A short bar magnet is arranged with its north pole pointing gergraphical north. It is found that the horizontal component of earth's magnetic induction `(B_(H))` is balaced by the magnetic induction of the magnet at a point which is at a distance of 20 cm from its centre .The magnetic moment of the magnet is `( if H = 4 xx 10^(-5) Wbm^(-2))`

To solve the problem, we need to find the magnetic moment \( m \) of a short bar magnet given that the horizontal component of the Earth's magnetic induction \( B_H \) is balanced by the magnetic induction of the magnet at a distance of 20 cm from its center.
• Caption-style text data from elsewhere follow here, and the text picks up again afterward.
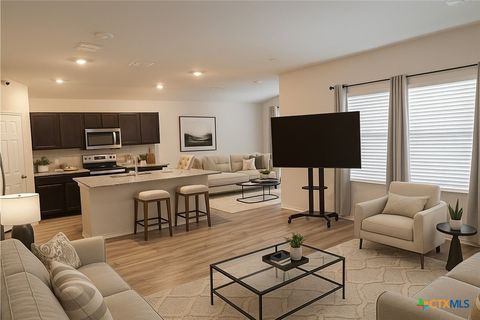 1124 Velvet Court Troy TX 76579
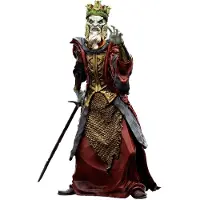 Weta Workshop „Der Herr der Ringe“-Trilogie – Figur „König der Toten“ aus der Reihe „Mini Epics“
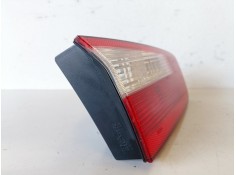 Recambio de piloto trasero izquierdo para renault laguna ii (bg0) f9q750 referencia OEM IAM 8200002475   2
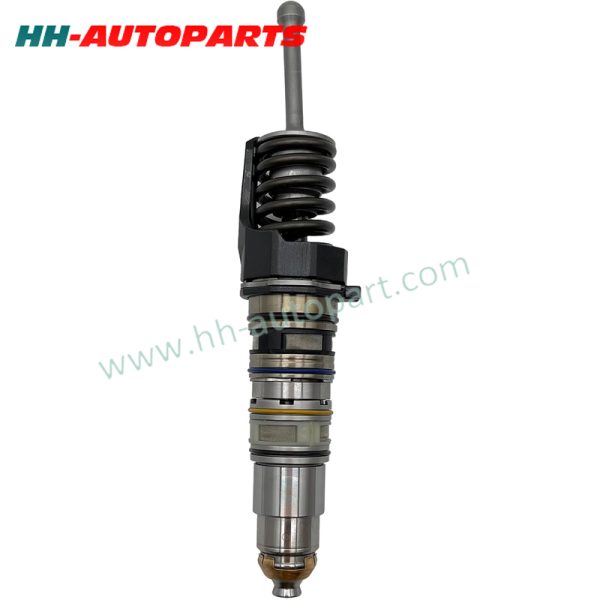 Fuel Injector 4954434 4954434RX 4954434PX for Cummins Engine ISX QSX ...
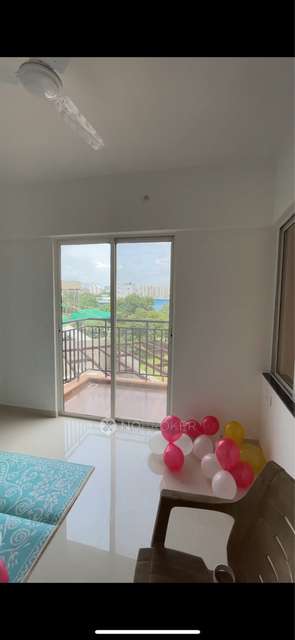 2 BHK Flat In Dynamic Imperia Plus for Rent  In Pisoli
The value of \( B_H \) is given as \( 4 \times 10^{-5} \, \text{Wb/m}^2 \). ### Step-by-Step Solution: 1. **Understand the Formula:** The horizontal component of the magnetic field due to a magnetic dipole (like a bar magnet) at a distance \( r \) is given by the formula: \[ B_H = \frac{\mu_0}{4\pi} \cdot \frac{m}{r^3} \] where: - \( \mu_0 = 4\pi \times 10^{-7} \, \text{T m/A} \) (permeability of free space), - \( m \) is the magnetic moment, - \( r \) is the distance from the center of the magnet. 2. **Substituting Known Values:** We know: - \( B_H = 4 \times 10^{-5} \, \text{Wb/m}^2 \) - \( r = 20 \, \text{cm} = 0.2 \, \text{m} \) Now, substituting these values into the formula: \[ 4 \times 10^{-5} = \frac{(4\pi \times 10^{-7})}{4\pi} \cdot \frac{m}{(0.2)^3} \] 3. **Simplifying the Equation:** The \( 4\pi \) terms cancel out: \[ 4 \times 10^{-5} = \frac{10^{-7} \cdot m}{(0.2)^3} \] Now calculate \( (0.2)^3 \): \[ (0.2)^3 = 0.008 \, \text{m}^3 \] Therefore, the equation becomes: \[ 4 \times 10^{-5} = \frac{10^{-7} \cdot m}{0.008} \] 4. **Rearranging to Solve for \( m \):** Multiply both sides by \( 0.008 \): \[ 4 \times 10^{-5} \cdot 0.008 = 10^{-7} \cdot m \] Calculate \( 4 \times 0.008 \): \[ 4 \times 0.008 = 0.032 \] Thus, we have: \[ 0.032 \times 10^{-5} = 10^{-7} \cdot m \] 5. **Final Calculation:** Convert \( 0.032 \times 10^{-5} \) to standard form: \[ 0.032 \times 10^{-5} = 3.2 \times 10^{-7} \] Now, divide both sides by \( 10^{-7} \): \[ m = 3.2 \, \text{A m}^2 \] ### Final Answer: The magnetic moment \( m \) of the magnet is \( 3.2 \, \text{A m}^2 \).